I had dreaded returning them.   The guy is nice enough but isn't communicative, didn't call to see how they'd done, so it was painful to think about returning them there.  But before noon, I went.  I called him first so he'd be waiting and I wouldn't have to go back and yell at the trailer through the brambles.  For once he answered his phone.  But once there, I still had to wait ten minutes before he ambled out.

Once that was over and done with, I beelined it for home, and went straight back to bed and slept for hours.

The day before, with the cats up at the clinic getting fixed, I'd ended up at the Bird Lady's place.  I go there once a week or so now.  She's so thin and weak, can barely walk, with a walker.   It's hard to see. She said she couldn't get up and out of the couch she uses for a bed anymore, it was too low and that she'd asked her grandson to raise it but all he'd done was bring up the cinder blocks, which were out on the walkway.

I don't know why I said "I'll do it."   What an idiot I can be, over estimating my own age capacities.  

She wanted the four corners of the couch up on the cinder blocks plus some long decking planks from the garage put lengthwise, with the ends atop the cinder blocks.   I got those planks from her garage first and then one by one, carried the cinder blocks in.   It was extremely difficult to get the heavy couch up high enough with one hand and my shoulder, and then try to push a cinder block under the corner with the other hand and arm.  Getting the planks lengthwise, one down the back and one down the front, resting atop the cinder blocks, wasn't easy either.  At one point I was on my back, trying to hold up one end of the couch with my feet and legs while shoving the cinder blocks under the corners, then getting the plank ends atop them.  I was done in, but got it done, and it was extremely stable.  At this point she tried it out.

Too high, she said.  I nearly fainted.   

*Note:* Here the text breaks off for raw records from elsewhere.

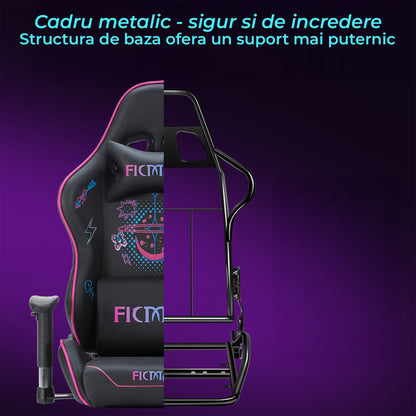 Scaun Gaming Timebox, 160°, Tetiera si Perna Lombara, Roz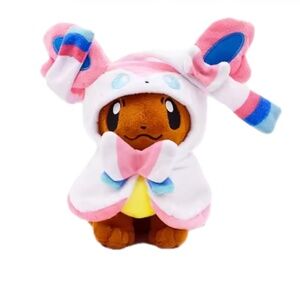 Pokemon Eevee Plush with Sylveon Costume Hoodie – 20cm Collectible Toy, Cute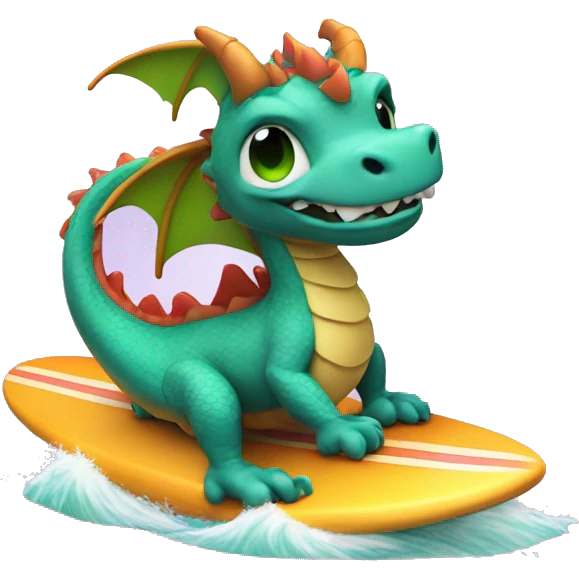 cute dragon on a surfboard on a wave emoji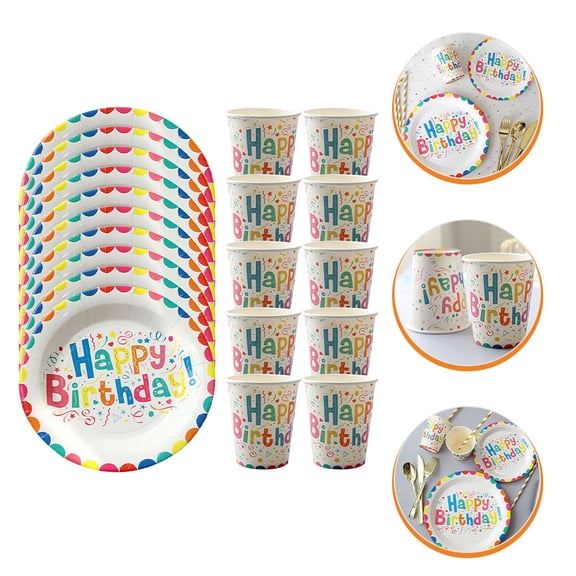 FESTFENDS Multi Color Disposable Paper Plates Party Supplies for Dessert Use Creative Count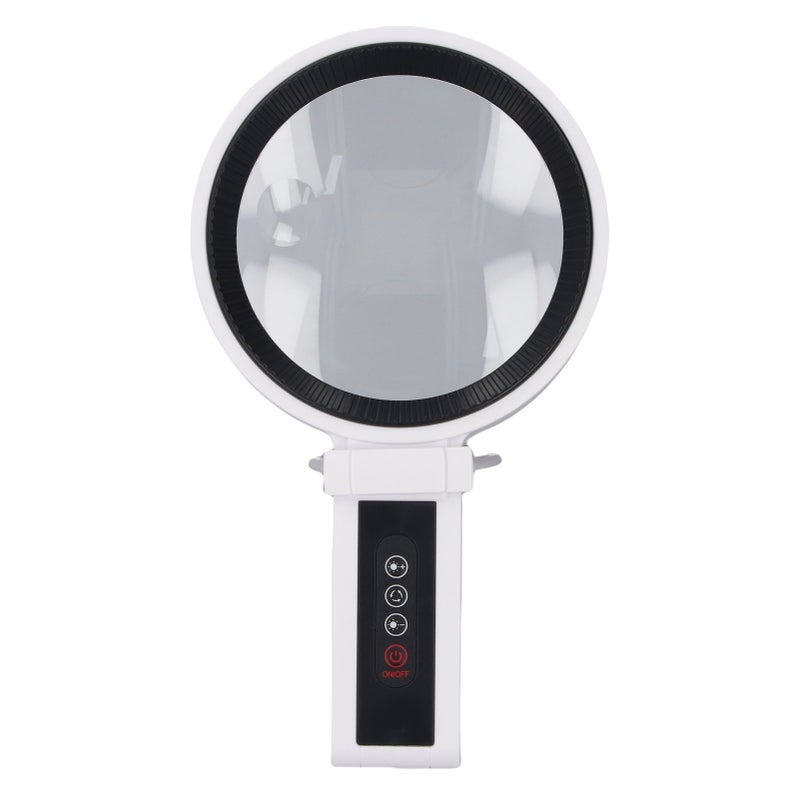 مكبر للعين المحمول المضيء للقراءة 2.5× 4.5× 34 مصباحًا LED بضوء بارد وساخن 10 درجات لمعونة قابلة للتعديل 5 أوضاع 135 مم - Image 2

I told her I couldn't do more and asked her to call her grandson right then and any neighbor who might help because I was worried if it was too high, she'd fall getting off and on it.  I was panicked some over this possibility, in fact.  She made several calls asking for help but no one could or they didn't answer.

I told her I could at least put it back the way it had been, by sliding the blocks out from under the corners but she didn't want that either.  In the end, I brought in a half cinder block she had in the yard, and made a step for her, to get up and down to the couch easier and covered it in a plush small blanket, so in case she fell at least she wouldn't hit her head on something hard.

Just say no next time, I remind myself.  She's fallen multiple times in that place.  But the main reason is there's too much stuff in it.   Houses stuffed in stuff drive me nuts.   Immediately I want to get unused things out of there, for them, so they can see how wonderful it is to be able to move around in your own house, unfettered and free!  Even cook on a stove that formerly was piled high in stuff.  Ha!   People are attached to their stuff, I've discovered, and I have to let it be.   Still drives me nuts!

The couch elevation contributed to exhaustion today.  

I'm so ready for some sun here.  Allegedly we might get up to 60 degrees on Thursday for the first time this year.   I gave in and renewed my Costco card.   What can I say.    I love their mocha freezes but I like to be able to get their cat food when I need it and not rely on others who have cards, who have their own lives and are busy.


Monday, March 13, 2023

Gas Station Cats

 I got all three gas station cats.   

I couldn't get ahold of either the attendant who was helping or the man who owns the cats who lives behind the station in a camp trailer in the field.   

So Sunday I went to the gas station and the female cat was out by the cars parked by the station, so I set a trap and caught her quickly, as she was hungry, then texted the attendant I'd caught her.   

The man in the trailer didn't answer texts or calls.  He has a bad phone that won't hold a charge and has to charge it at the station when he can.  The attendant had told me to honk three times, then he'd come.  But it didn't work, and neither did yelling from behind the station at the trailer.  I finally walked out to the trailer through the mud and pounded on the door.  Only then did I realize my mistake.  I saw another trailer much closer to the station down the other side.  Ha, I thought, no wonder.

I then yelled at that trailer through the berry vines and up he came with the two other cats in carriers.  But just as we loaded them in the back of my car, the black kitty broke out through the insecure front of the carrier, into the back of my car, and quickly out the front open door, back towards the trailer.  So he took a better carrier I had along and soon was back with the cat in it.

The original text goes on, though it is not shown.